Как огромное большинство русской интеллигенции, Л.Н. Андреев в туманном облике так наз. «освободительного движения», пресловутой «весны» кн. Святополк-Мирского и революции 1905 г., не рассмотрел грядущего марксо-коммунистического хама, убийцы и чекиста. Это можно в значительной степени объяснить влиянием «красной педагогики» «поучительного» Максима Горького. Но параличом перед взглядом красной Горгоны заболела, конечно, вся Россия, – не исключая и царского правительства. Сопротивления в государственном смысле не было, – наблюдалось лишь инстинктивное действие рефлексов самосохранения. Но и рефлексы эти были слабы и весьма приблизительны. Достойную отповедь будущим чекистам дал только один П.А. Столыпин, но и того очень скоро убил «демон посредственности» – отнюдь не пуля Багрова, которая была случайностью. Этого хотели совсем не только слева…
У русского исторического и культурного гения было два врага. Они кажутся исключающими друг друга, но в действительности их обоих соединяла ненависть ко всему выходящему из ряда посредственности, оба были соединены в поклонении единому божку, тому самому, которому поклонялась Софья Фамусова, – божку «умеренности и аккуратности». Враждующие друг с другом фарисеи и саддукеи всегда сговорятся и соединятся для убиения «настоящего человека»… Из писателей и ученых, кажется, только четыре человека знали, что на Россию идет страшный красный вампир и что пощады от него не будет никому, что выживут только Молчалины, Загорецкие да Репетиловы… Эти четыре человека – Достоевский, Константин Леонтьев, А.К. Толстой да Ф.Ф. Зелинский… В 1905 г. Л.Н. Андреева с ними не было. Но когда в 1914 г. начал приводиться в исполнение всеевропейский план уничтожения России, средствами сначала Гинденбурга и Людендорффа, а потом их союзников – Ленина и Дзержинского, тогда Леонид Андреев оказался в числе прозревших – он рассмотрел то, что надвигалось на Россию.
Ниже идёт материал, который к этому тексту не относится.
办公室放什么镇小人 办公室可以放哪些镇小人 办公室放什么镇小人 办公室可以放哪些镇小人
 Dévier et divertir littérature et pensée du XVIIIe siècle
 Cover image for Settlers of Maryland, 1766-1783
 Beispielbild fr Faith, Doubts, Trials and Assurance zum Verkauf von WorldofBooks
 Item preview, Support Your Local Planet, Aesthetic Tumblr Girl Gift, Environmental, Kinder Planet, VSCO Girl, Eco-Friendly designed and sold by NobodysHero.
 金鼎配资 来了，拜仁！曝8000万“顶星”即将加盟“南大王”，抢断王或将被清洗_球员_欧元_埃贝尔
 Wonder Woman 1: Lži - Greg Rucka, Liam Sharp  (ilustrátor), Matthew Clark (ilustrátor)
Трагедия его, однако, была трагедией некоторых художников и философов, которые на меньших ужасах – не скажу на малых, нет, но именно на меньших – истощили весь запас своих реактивных сил так, что на максимальное зло сил у них не хватило. Сделав все что было можно, собрав все остатки своих догоравших энергий, «больной Россией», писатель бросил их на костер, на котором сгорала Россия, и сам вслед за этим сгорел. Россию он любил всеми силами своей души и, когда рассмотрел в революционере не друга, но лютейшего врага своей родины, врага низкого и гнусного, предателя – германского лакея, он задушил всенародно и печатно этого лакея, бросил всему миру, злорадствовавшему по поводу гибнущей России, свое знаменитое S.O.S., полное национальной гордости, сознания своего достоинства, сарказмов, – и ушел из этого мира с высоко поднятой головой. Во всяком случае, это был единственный русский писатель той позорной эпохи, который дерзнул заговорить таким тоном и такими словами от имени лежавшей в прахе и в злой корче красного безумия России, готовой уже отречься от своего имени и принять позорную кличку СССР. Некий наглец (что всегда неразрывно связано с глупостью) из распоясавшейся «Киевской мысли» обозвал смертную тревогу и невыносимую печаль «болевшего Россией» Леонида Андреева «злой корчей». Дело же обстояло как раз наоборот: вся Россия была в припадке злой корчи надвигавшегося большевизма. Никто не поднял голоса против – и лишь начинавшаяся белая армия и Леонид Андреев спасли в это ужасное время честь России. По внешней видимости оба потерпели неудачу. Но бывают жертвенные неудачи, которые выше и благороднее всяких удач «покрасневшего» унтера Пришибеева.